PROBLEM TO WORK ON:
Nothing but the lines from the first line of the entries through the line with "آموزشگاه و سالن نور ناهید" should appear in the answer, transcribed exactly and free of pictures.

RECORDS FOR THE TASK:
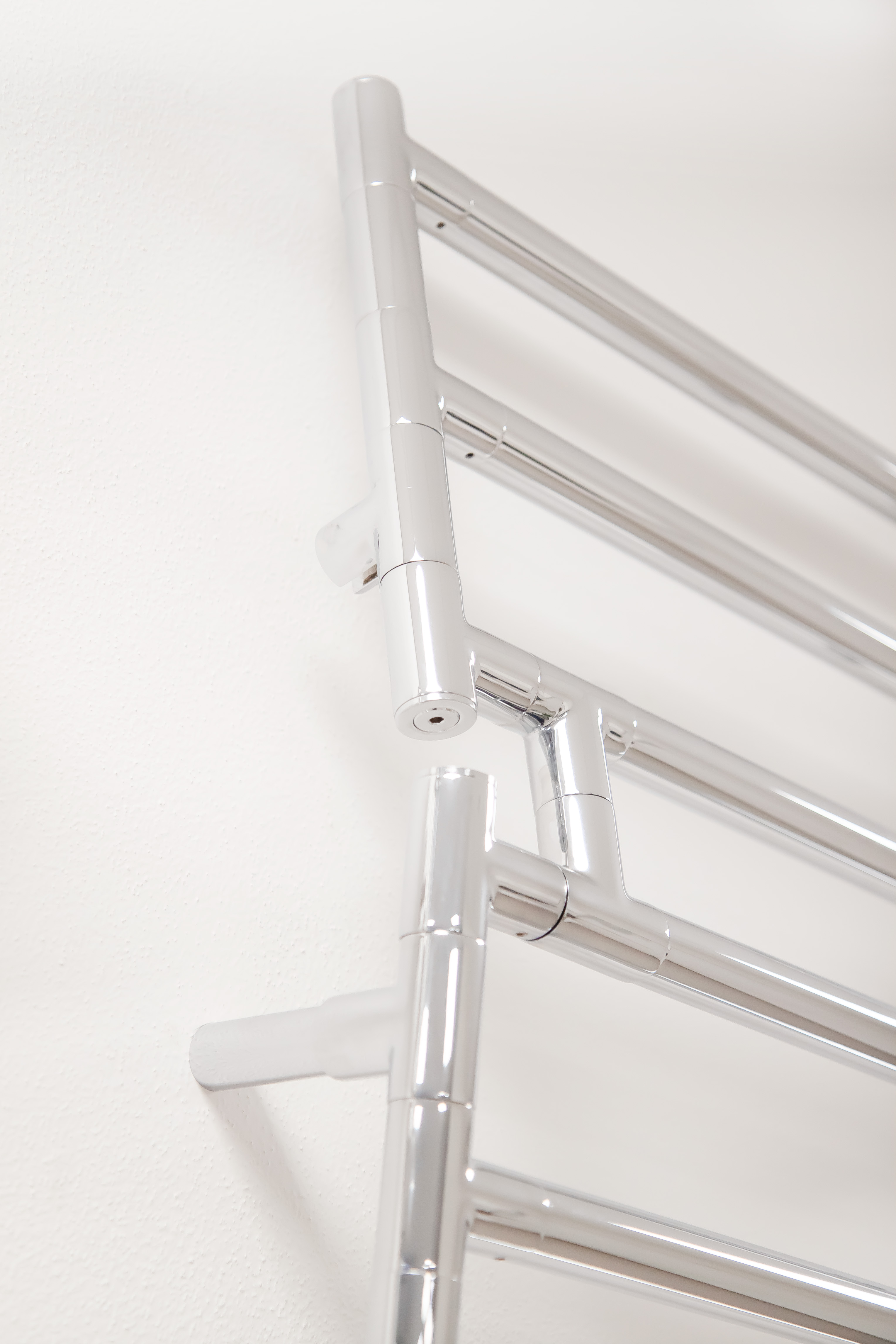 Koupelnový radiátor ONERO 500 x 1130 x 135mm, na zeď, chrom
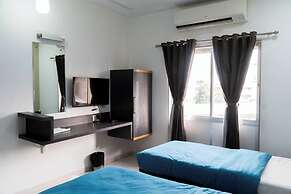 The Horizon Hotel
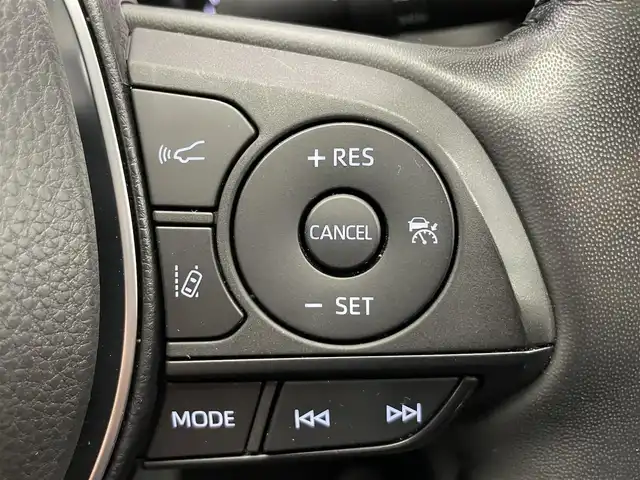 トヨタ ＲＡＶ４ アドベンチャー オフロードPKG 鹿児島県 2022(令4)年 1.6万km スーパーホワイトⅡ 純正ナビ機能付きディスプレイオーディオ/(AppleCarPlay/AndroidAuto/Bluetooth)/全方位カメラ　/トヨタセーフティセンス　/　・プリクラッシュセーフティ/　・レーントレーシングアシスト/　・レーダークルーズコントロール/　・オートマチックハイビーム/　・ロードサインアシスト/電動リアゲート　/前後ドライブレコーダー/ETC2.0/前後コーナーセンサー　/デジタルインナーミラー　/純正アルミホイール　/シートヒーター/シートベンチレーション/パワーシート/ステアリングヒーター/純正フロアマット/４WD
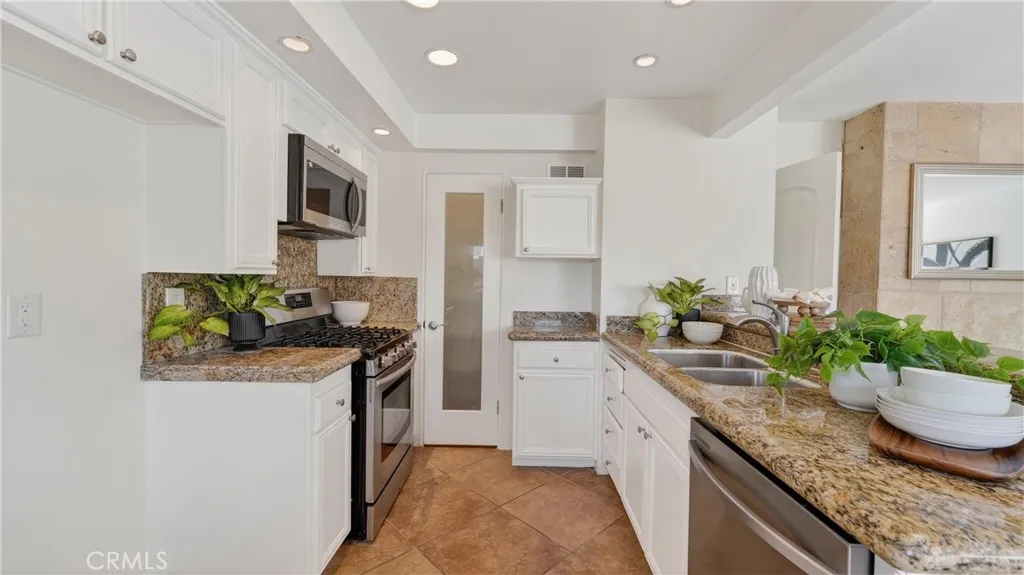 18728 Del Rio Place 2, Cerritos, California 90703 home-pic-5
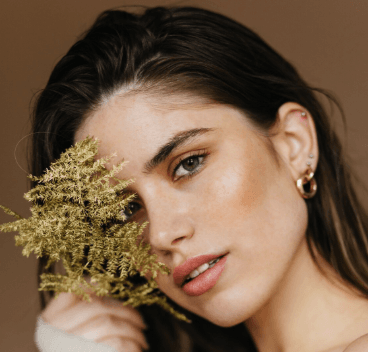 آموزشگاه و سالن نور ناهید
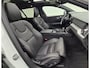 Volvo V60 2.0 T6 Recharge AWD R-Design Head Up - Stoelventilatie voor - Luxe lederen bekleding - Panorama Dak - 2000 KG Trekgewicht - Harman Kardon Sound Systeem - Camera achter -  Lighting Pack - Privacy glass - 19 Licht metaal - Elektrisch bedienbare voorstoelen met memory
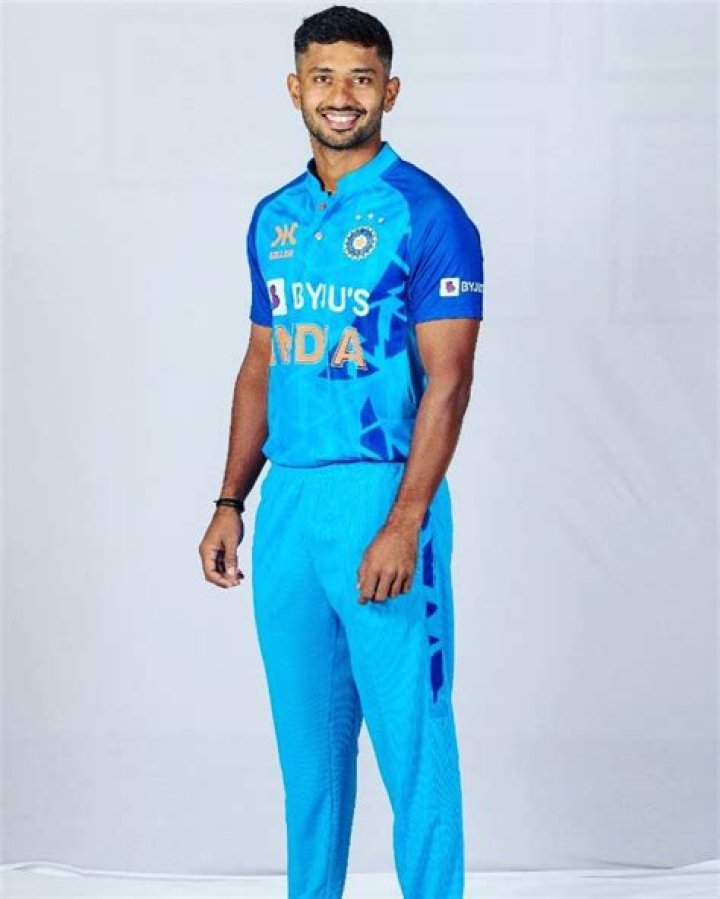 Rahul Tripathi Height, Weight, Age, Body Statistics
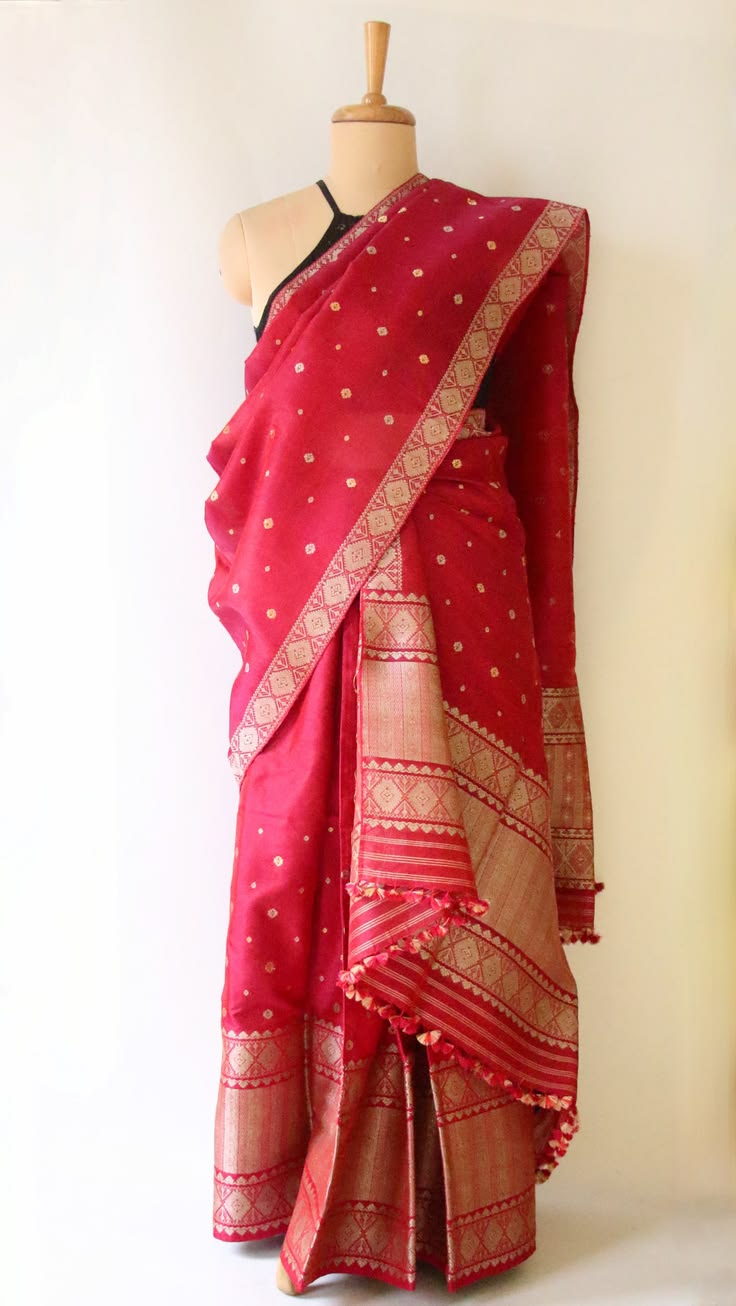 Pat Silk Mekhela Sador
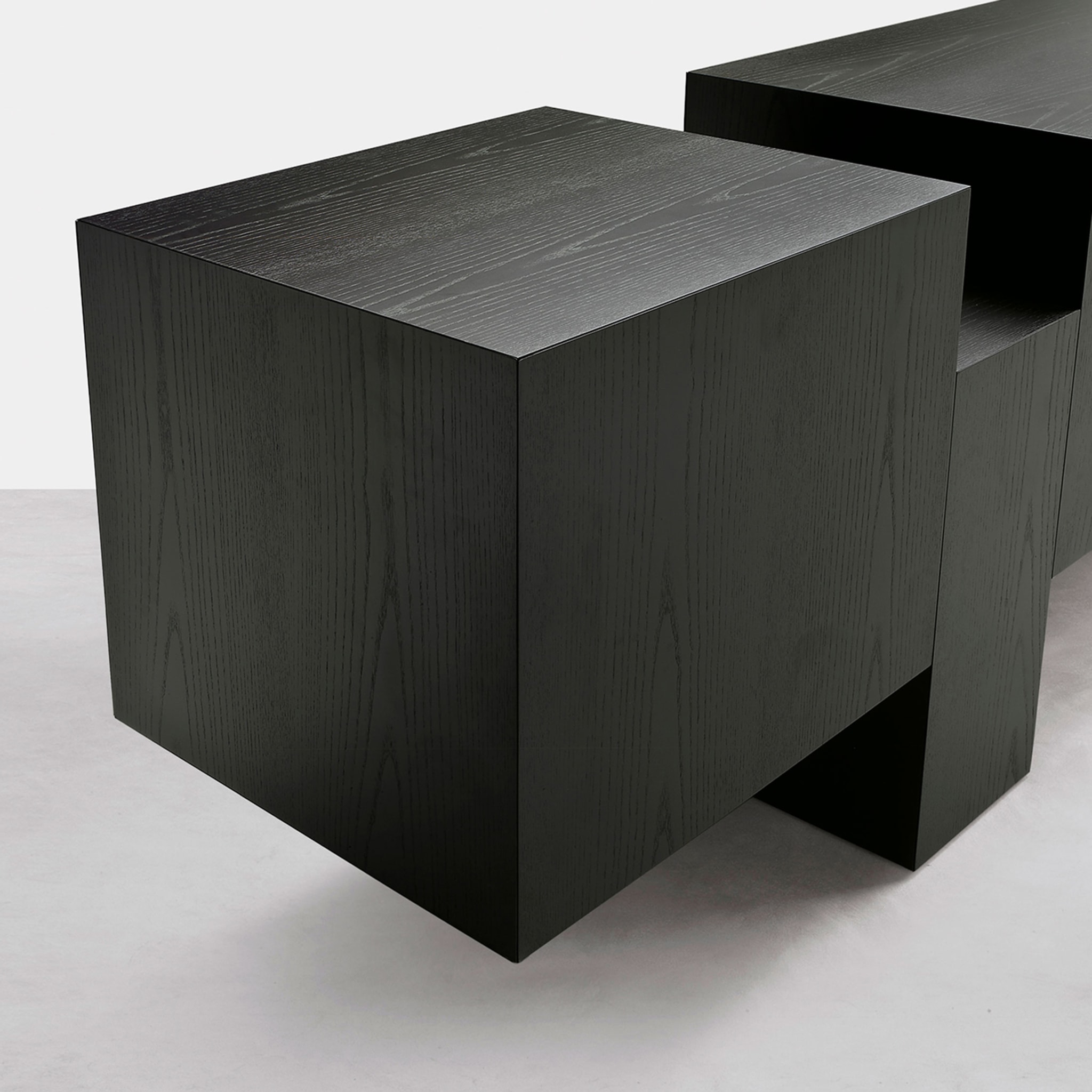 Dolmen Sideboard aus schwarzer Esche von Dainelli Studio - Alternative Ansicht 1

RESULT FOR THIS EXERCISE:
 Koupelnový radiátor ONERO 500 x 1130 x 135mm, na zeď, chrom
 The Horizon Hotel
 トヨタ ＲＡＶ４ アドベンチャー オフロードPKG 鹿児島県 2022(令4)年 1.6万km スーパーホワイトⅡ 純正ナビ機能付きディスプレイオーディオ/(AppleCarPlay/AndroidAuto/Bluetooth)/全方位カメラ　/トヨタセーフティセンス　/　・プリクラッシュセーフティ/　・レーントレーシングアシスト/　・レーダークルーズコントロール/　・オートマチックハイビーム/　・ロードサインアシスト/電動リアゲート　/前後ドライブレコーダー/ETC2.0/前後コーナーセンサー　/デジタルインナーミラー　/純正アルミホイール　/シートヒーター/シートベンチレーション/パワーシート/ステアリングヒーター/純正フロアマット/４WD
 18728 Del Rio Place 2, Cerritos, California 90703 home-pic-5
 آموزشگاه و سالن نور ناهید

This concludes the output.